The General's personal guard force of elite "policemen" was no better than the ones who had arrived before, though some of this group did wear unbuttoned shirts. The first one to come up to them smelled of whiskey, probably pilfered from the General's private stock. That was an affront to Islam, but then so was trafficking in drugs. One of the things Clark admired about the Saudis was their direct and peremptory method for processing that category of criminal.

"Hi." Clark smiled at the man. "I'm John Clark. This is Mr. Chavez. We've been waiting for the General, like you told us."

"What you carry?" the "policeman" asked, surprising Clark with his knowledge of English. John held up his bag of rock samples, while Ding showed his pair of electronic instruments. Alter a cursory inspection of the vehicle, they were spared even a serious frisking—a pleasant surprise.

Corp arrived next, with his most reliable security force, if you could call it that. They rode in a Russian ZIL-type jeep. The "General" was actually in a Mercedes that had once belonged to a government bureaucrat, before the government of this country had disintegrated. It had seen better times, but was still the best automobile in the country, probably. Corp wore his Sunday best, a khaki shirt outside the whipcord trousers, with something supposed to be rank insignia on the epaulets, and boots that had been polished sometime in the last week. The sun was just under the horizon now. Darkness would fall quickly, and the thin atmosphere of the high desert made for lots of visible stars even now.

The General was a gracious man, at least by his own lights. He walked over briskly, extending his hand. As he took it, Clark wondered what had become of the owner of the Mercedes. Most likely murdered along with the other members of the government. They'd died partly of incompetence, but mostly of barbarism, probably at the hands of the man whose firm and friendly hand he was now shaking.

"Have you completed your survey?" Corp asked, surprising Clark again with his grammar.

"Yes, sir, we have. May I show you?"

"Certainly." Corp followed him to the back of the Rover. Chavez pulled out a survey map and some satellite photos obtained from commercial sources.

"This may be the biggest deposit since the one in Colorado, and the purity is surprising. Right here." Clark extended a steel pointer and tapped it on the map.

"Thirty kilometers from where we are sitting…"

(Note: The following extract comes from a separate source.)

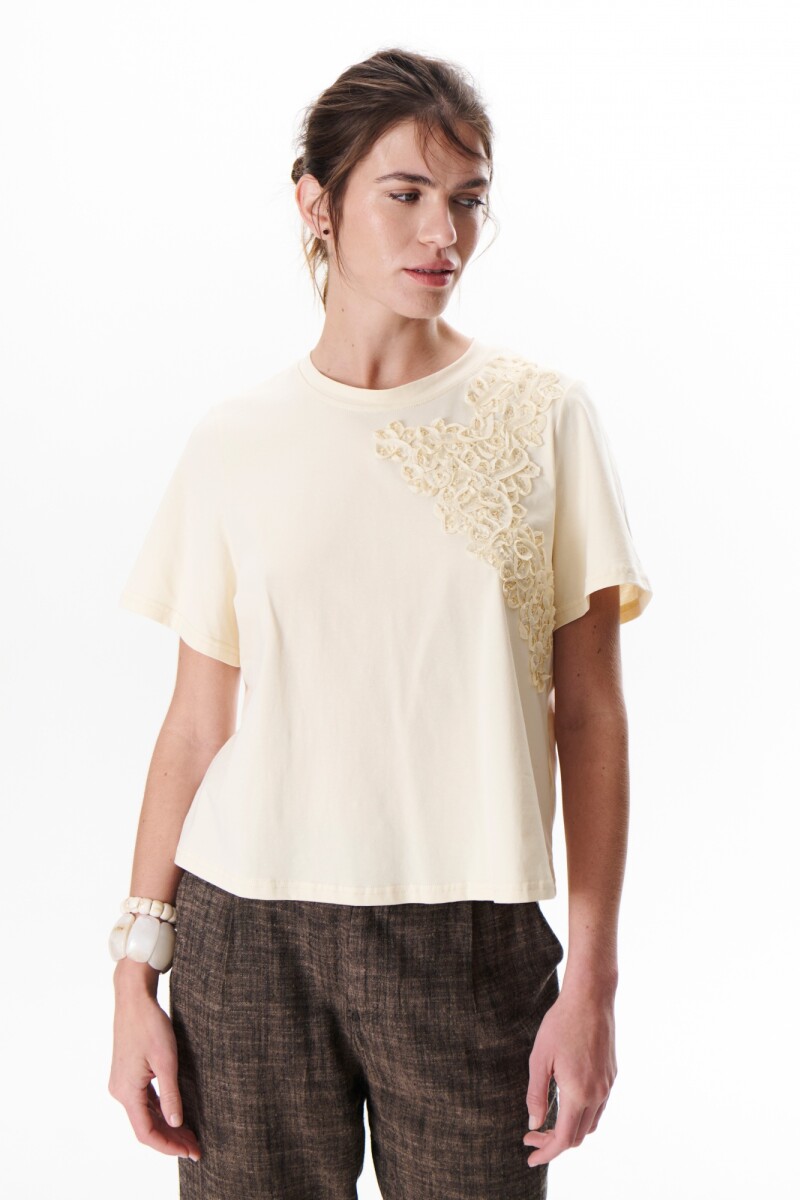 REMERA BLOOM CRUDO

Clark smiled. "You know, as long as I've been in this business, it still surprises me how this happens. A couple of billion years ago, a huge bubble of the stuff must have just perked up from the center of the earth." His lecture was lyrical. He'd had lots of practice, and it helped that Clark read books on geology for recreation, borrowing the nicer phrases for his "pitch."

"Anyway," Ding, said, taking his cue a few minutes later, "the overburden is no problem at all, and we have the location fixed perfectly."

"How can you do that?" Corp asked. His country's maps were products of another and far more casual age.

"With this, sir." Ding handed it over.

"What is it?" the General asked.

"A GPS locator," Chavez explained. "It's how we find our way around, sir. You just push that button there, the rubber one."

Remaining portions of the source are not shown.